Let's consider an industrial manufacturing example where we will build a model which has numerical, not graphical, output. Terms such as ``computer-integrated manufacturing" (CIM) and ``flexible manufacturing" guide the development of more productive plant configurations for building products from raw material. We introduce the following categories and definitions:
Figure 3 shows a sample manufacturing system containing nine parts. This type of drawing is essentially a schematic defining the overall structure of the system but lacking details on dynamics and geometry. The raw stock arrives from the left via a central conveyor. At this point, the material stock is a cylinder shape. The cylinder parts are loaded into a spiral accumulator (A) which holds parts for the pick-and-place robot (R) until both it and the lathe (L) are ready. Once both are ready to work with the part, the cylinder is turned into a barbell shape by the lathe and sent on toward a second spiral accumulator using a conveyor belt. A second robot also performs a pick-and-place operation and hands the barbell part to a drill machine (D) which punches a longitudinal hole through the part. That is the final product part, which proceeds to a small storage bin taken by the AGV which runs around a closed track while dropping the bin contents into longer-term storage. This type of application involves discrete parts flowing through a network of resources. The resource constraints and network flow suggests the use of a Petri net to model the system as in Fig. 4.
Figure 3: Manufacturing line with two robots and two machines..
Figure 4: Petri net model for manufacturing line.

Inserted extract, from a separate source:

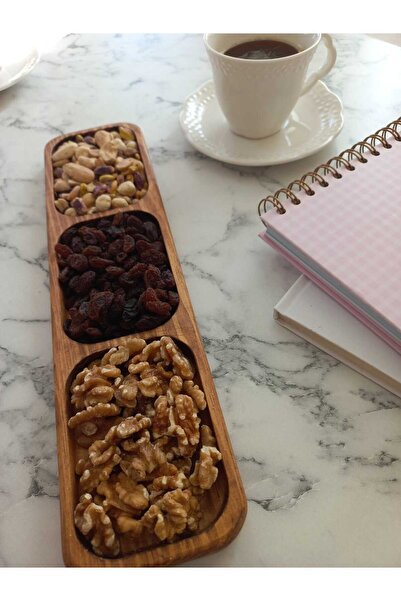 Ahşap Teslim Doğal Ahşap Dekoratif Sunumluk 3 Bölmeli Çerezlik - Ceviz Rengi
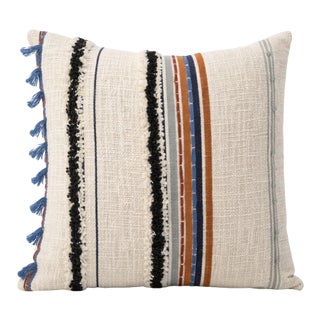 Boho Textured Striped Cushion Cover With Fringe & Tassels | Handwoven Embroidered Cushion Cover | Neutral Rustic Decor | 50 X 50 Cm For Sale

Figure 4 is the mathematical model for the system and is categorized as a declarative model (i.e., the Petri net sub-states and events are visible and emphasized in the model structure). In a nutshell, a Petri net operates by having tokens (the black circles) flow through the network while encountering resources (lathe,drill press, robot arm, AGV). Each resource operates or ``processes" a token as it passes by. This is the specification that we need to encode in the form of a program and then execute on a computer. There are many Petri net simulators to be found. One such simulator is a tool within SimPack (See section SIMPACK SIMULATION TOOLKIT), which is a toolkit for exploring mathematical modeling and simulation. Once simulated, this Petri net can yield data which is subject to analysis (the third sub-field of computer simulation). The types of analysis methods for simulations are plentiful. For our manufacturing example, we may simply want to analyze the throughput of the system as a whole to determine how many parts can be processed in one hour. Actually, we pre-determined our use of a Petri net model because we knew ahead of time that we wanted throughput information. If we had wanted, say, information on the stability of the robot arm controller then a Petri net would not have served our purpose. Moreover, if our Petri net model has a stochastic element (i.e., it uses random variates) then it is vital to make many simulation runs of the same model but with different samples; otherwise, we will not know the accuracy (measured by a confidence interval) associated with the simulation output.